— Required action —
Include no pictures. Output exactly the lines from the one that contains "臺南市新市區中正路人行步道改善經費 千呼萬喚 中央終於給錢了" through the final line of the entries.
________________________
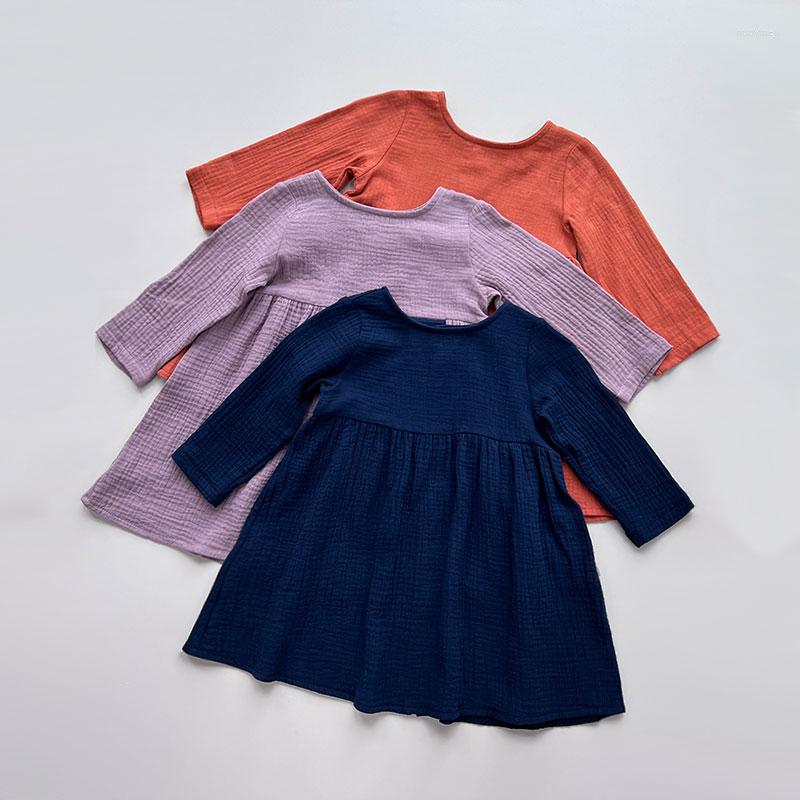 Girl Dresses Girls Autumn Dress Full Sleeve Casual Style For Kids Simple Fashion Children Solid Color Loose, Blue
Girl Dresses Girls Autumn Dress Full Sleeve Casual Style For Kids Simple Fashion Children Solid Color Loose, Blue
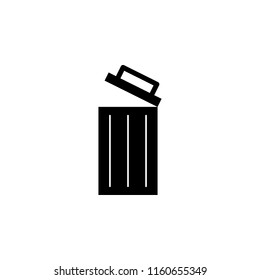 open wastebasket icon. Element of simple icon. Premium quality graphic design icon. Signs and symbols collection icon for websites, web design, mobile app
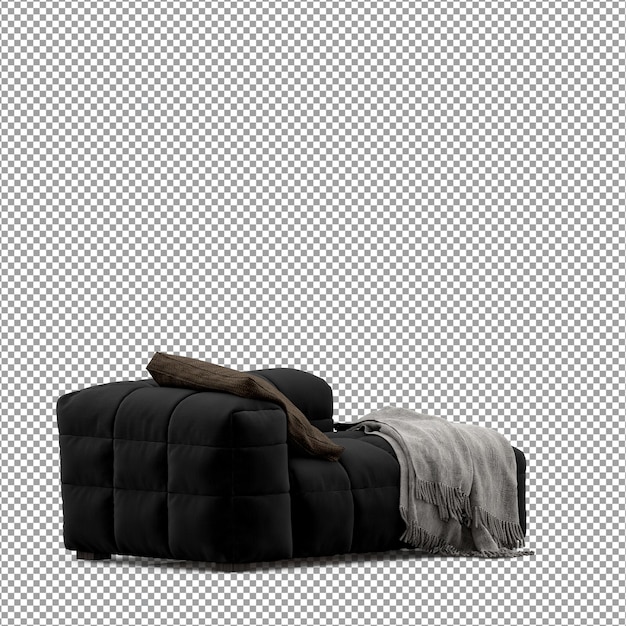 Sofa in 3d-rendering isoliert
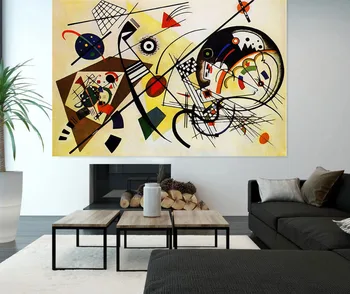 

Handmade Wassily Kandinsky Geometric Abstract Modern Art Oil Paintings Art Paintings For Living Room Home Decor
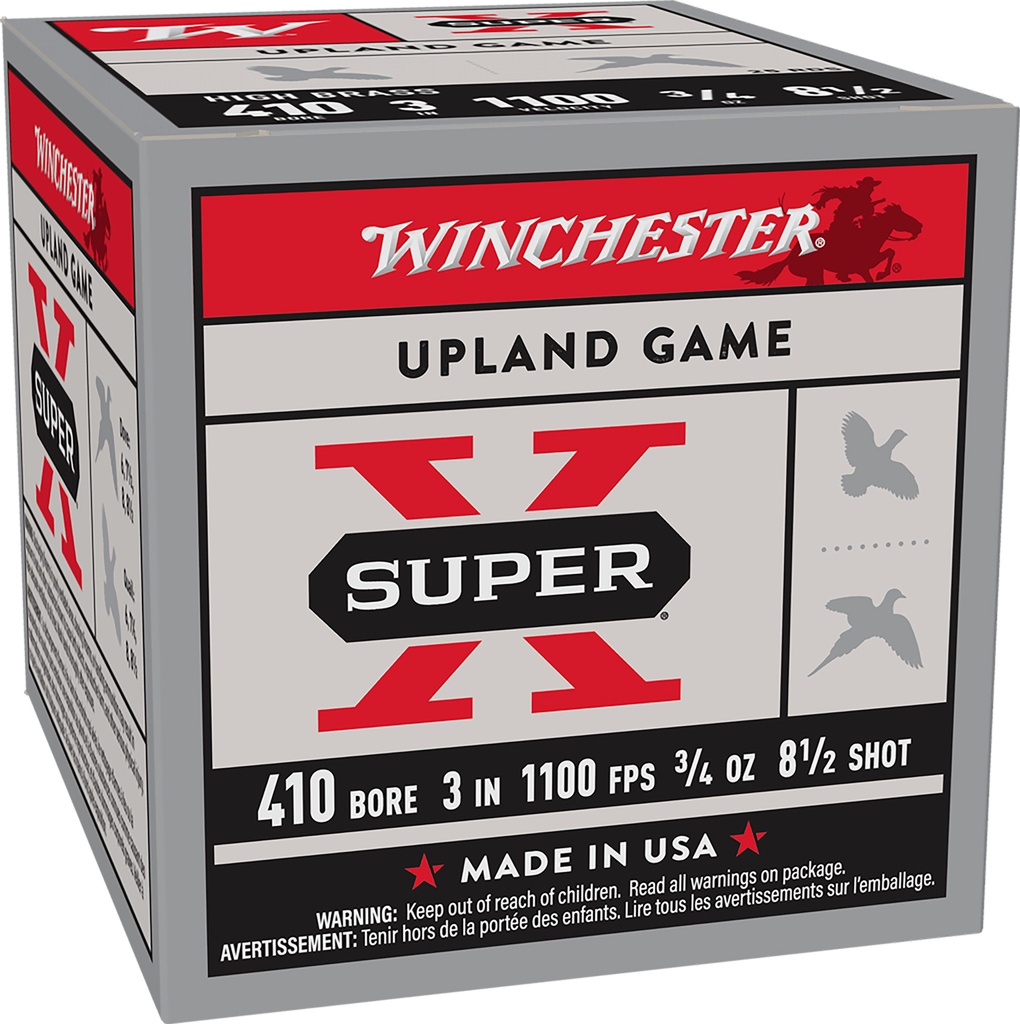 Winchester Ammo X413H85 Super X Heavy Game Load High Brass 410Gauge 3" 3/4oz 8.5Shot 25 Per Box/10 Case 1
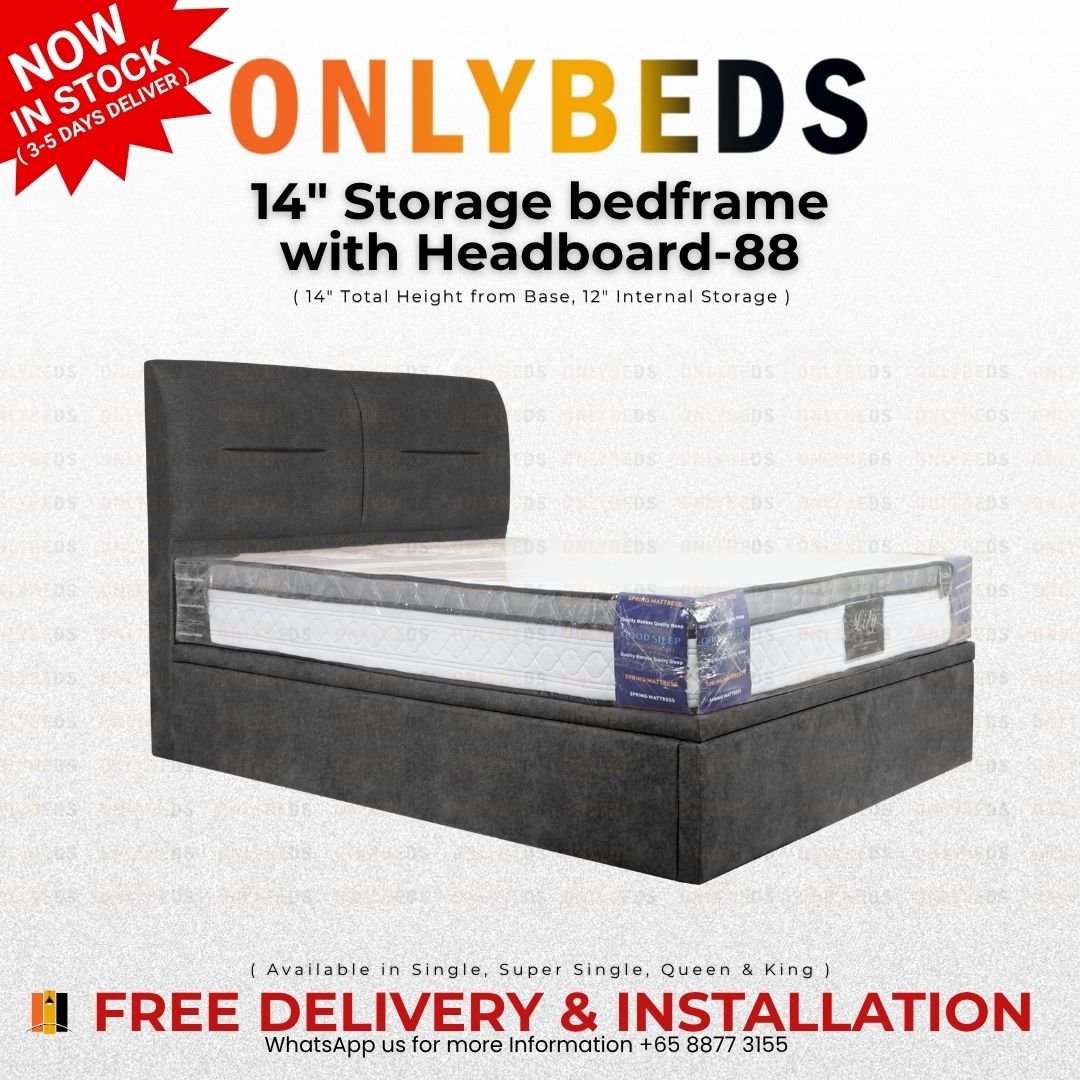 Storage Bed and Mattress VELVET - [Single/Ssingle/Queen/King] - 88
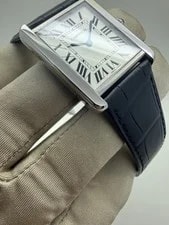 Cartier Tank Solo Steel Leather Strap 27x34.5mm Quartz W1018355 3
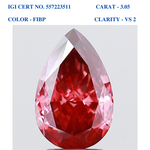 Pear Modified Brilliant Solitaire Diamond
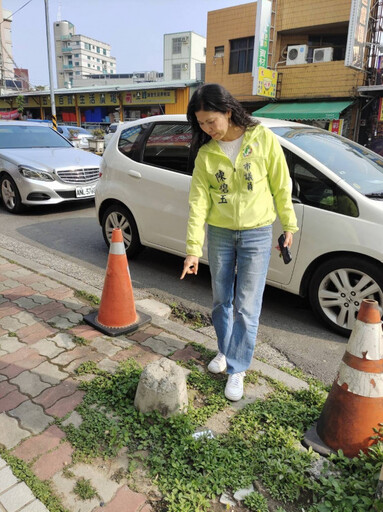 臺南市新市區中正路人行步道改善經費 千呼萬喚 中央終於給錢了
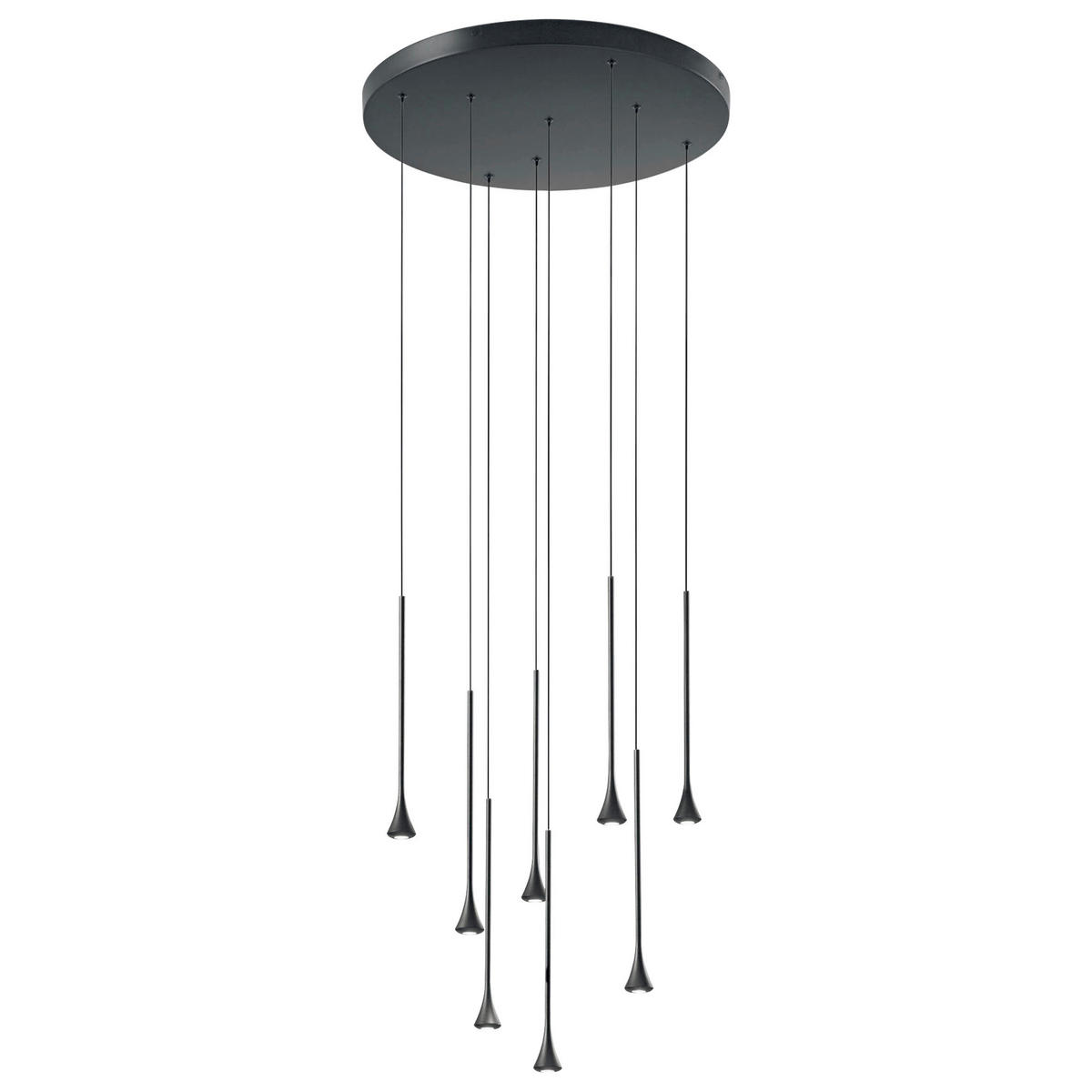 LED-HÄNGELEUCHTE SUSA 50/200 cm   - Schwarz, KONVENTIONELL, Metall (50/200cm) - Fabas Luce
________________________
— Exercise solution —
 臺南市新市區中正路人行步道改善經費 千呼萬喚 中央終於給錢了
 LED-HÄNGELEUCHTE SUSA 50/200 cm   - Schwarz, KONVENTIONELL, Metall (50/200cm) - Fabas Luce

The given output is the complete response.